Molecular changes in cells called fibroblasts, which help provide support for tissues throughout the body, may explain why one type of colon cancer doesn’t respond to therapy, according to a team of researchers from Weill Cornell Medicine. Targeting these cells may be a way to make treatment more effective.
In a study published Nov. 17 in Developmental Cell the investigators examined cells called fibroblasts in CMS4, the most aggressive and difficult-to-treat form of colorectal cancer, to determine how these cancer-associated cells acquire traits that allow them to support malignancy in neighboring cells. CMS4 affects about a third of all colorectal cancer patients.
“There are two important components to this study,” said co-senior author Dr. Jorge Moscat, Homer T. Hirst III Professor of Oncology in Pathology and Vice-Chair for Experimental Pathology. “First, we have shown in a mechanistic way how these cancer-associated fibroblasts acquire the characteristics that they have.

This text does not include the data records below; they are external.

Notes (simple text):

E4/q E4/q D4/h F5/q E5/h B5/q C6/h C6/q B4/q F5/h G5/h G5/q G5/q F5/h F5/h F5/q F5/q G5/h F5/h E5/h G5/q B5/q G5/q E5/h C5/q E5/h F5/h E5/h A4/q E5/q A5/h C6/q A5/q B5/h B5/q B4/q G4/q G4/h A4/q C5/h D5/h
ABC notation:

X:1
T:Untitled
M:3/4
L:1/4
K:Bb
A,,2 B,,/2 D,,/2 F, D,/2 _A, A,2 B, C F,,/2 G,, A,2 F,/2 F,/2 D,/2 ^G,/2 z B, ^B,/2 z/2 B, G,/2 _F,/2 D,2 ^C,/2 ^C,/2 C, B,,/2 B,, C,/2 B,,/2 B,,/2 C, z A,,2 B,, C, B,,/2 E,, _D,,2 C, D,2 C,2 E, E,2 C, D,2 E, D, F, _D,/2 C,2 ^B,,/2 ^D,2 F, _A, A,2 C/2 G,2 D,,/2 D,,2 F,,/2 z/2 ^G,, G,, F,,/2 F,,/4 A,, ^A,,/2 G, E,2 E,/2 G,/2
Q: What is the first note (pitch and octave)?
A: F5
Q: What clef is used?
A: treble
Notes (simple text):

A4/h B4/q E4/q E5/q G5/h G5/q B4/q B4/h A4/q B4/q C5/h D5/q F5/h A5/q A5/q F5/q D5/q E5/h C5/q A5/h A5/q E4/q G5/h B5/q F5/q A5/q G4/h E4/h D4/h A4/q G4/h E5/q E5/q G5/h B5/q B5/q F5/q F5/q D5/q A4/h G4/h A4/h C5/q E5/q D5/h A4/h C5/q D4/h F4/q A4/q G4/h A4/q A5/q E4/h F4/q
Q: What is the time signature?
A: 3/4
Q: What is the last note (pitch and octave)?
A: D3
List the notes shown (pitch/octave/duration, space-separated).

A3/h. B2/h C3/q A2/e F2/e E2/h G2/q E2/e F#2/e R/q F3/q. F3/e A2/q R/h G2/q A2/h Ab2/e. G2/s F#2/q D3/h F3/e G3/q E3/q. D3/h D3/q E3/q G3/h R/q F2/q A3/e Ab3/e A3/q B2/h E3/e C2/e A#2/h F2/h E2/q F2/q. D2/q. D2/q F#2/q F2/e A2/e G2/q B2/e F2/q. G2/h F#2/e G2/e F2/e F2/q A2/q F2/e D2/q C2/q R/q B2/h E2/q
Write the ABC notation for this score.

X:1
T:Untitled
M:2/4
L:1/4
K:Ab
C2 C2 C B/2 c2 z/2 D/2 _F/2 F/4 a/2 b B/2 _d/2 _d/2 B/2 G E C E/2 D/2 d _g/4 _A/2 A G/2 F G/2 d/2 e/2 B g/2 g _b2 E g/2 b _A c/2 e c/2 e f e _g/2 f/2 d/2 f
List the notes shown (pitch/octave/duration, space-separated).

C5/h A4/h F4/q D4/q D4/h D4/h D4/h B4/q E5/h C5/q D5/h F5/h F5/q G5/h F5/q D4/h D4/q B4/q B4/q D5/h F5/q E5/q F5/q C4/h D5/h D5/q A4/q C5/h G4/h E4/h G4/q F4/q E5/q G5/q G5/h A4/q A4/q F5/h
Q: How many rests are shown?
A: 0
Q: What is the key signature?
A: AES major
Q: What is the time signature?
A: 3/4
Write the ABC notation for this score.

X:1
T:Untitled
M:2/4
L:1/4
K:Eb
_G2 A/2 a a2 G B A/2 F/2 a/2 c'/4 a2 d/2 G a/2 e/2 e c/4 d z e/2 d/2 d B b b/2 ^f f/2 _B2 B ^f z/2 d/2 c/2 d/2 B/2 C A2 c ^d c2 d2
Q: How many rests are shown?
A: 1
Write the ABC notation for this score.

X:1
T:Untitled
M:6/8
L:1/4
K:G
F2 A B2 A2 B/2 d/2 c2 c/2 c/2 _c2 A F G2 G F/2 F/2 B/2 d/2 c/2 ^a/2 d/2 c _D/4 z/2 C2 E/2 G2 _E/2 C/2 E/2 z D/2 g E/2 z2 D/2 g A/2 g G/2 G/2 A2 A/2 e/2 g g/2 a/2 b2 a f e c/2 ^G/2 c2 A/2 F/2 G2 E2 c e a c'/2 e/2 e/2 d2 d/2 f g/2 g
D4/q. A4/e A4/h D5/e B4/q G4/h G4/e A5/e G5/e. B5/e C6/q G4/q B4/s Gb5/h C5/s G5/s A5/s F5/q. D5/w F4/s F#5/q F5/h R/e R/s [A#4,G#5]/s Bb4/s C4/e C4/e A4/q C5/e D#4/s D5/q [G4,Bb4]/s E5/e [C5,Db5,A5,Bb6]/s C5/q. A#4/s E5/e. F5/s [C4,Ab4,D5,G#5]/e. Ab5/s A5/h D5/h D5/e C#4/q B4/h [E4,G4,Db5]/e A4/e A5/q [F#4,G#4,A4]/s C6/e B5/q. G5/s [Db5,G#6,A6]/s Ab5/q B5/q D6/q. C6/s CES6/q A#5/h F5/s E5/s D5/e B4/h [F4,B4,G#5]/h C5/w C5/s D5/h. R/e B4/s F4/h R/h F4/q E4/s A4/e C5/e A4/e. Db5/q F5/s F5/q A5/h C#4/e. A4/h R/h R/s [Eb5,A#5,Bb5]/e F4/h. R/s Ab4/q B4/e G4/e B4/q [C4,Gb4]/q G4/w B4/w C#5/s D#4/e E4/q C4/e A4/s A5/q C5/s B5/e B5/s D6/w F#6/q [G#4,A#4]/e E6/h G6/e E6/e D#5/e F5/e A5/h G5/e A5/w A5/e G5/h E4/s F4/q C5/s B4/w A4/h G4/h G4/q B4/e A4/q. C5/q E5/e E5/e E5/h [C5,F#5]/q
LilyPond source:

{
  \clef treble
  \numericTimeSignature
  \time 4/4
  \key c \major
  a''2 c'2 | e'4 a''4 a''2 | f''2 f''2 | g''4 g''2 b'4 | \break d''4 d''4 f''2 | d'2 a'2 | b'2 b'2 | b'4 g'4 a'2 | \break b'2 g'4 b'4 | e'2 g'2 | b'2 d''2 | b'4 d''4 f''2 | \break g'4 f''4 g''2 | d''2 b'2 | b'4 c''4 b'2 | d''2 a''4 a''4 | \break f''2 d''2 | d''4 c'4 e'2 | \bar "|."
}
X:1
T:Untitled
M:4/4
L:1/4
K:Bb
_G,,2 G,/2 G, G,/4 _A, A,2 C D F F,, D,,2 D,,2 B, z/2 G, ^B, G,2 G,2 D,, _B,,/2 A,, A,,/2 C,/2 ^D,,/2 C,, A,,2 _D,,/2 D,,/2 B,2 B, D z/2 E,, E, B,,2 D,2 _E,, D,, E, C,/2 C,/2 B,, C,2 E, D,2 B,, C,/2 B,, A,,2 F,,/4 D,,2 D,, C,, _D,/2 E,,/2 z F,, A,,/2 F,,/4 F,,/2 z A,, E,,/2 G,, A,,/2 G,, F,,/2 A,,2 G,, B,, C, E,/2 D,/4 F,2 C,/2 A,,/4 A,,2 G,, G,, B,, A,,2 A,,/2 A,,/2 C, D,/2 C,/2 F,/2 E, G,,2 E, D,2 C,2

Second, we confirmed that what we discovered in our lab models also applies to patients, which begins to suggest how these findings could be useful in the clinic.”
Tumors are made up not only of cancer cells, but many other kinds of cells as well. These other cell types can influence how a tumor behaves and can have a profound effect on whether it responds to therapy, including treatment with immunotherapy.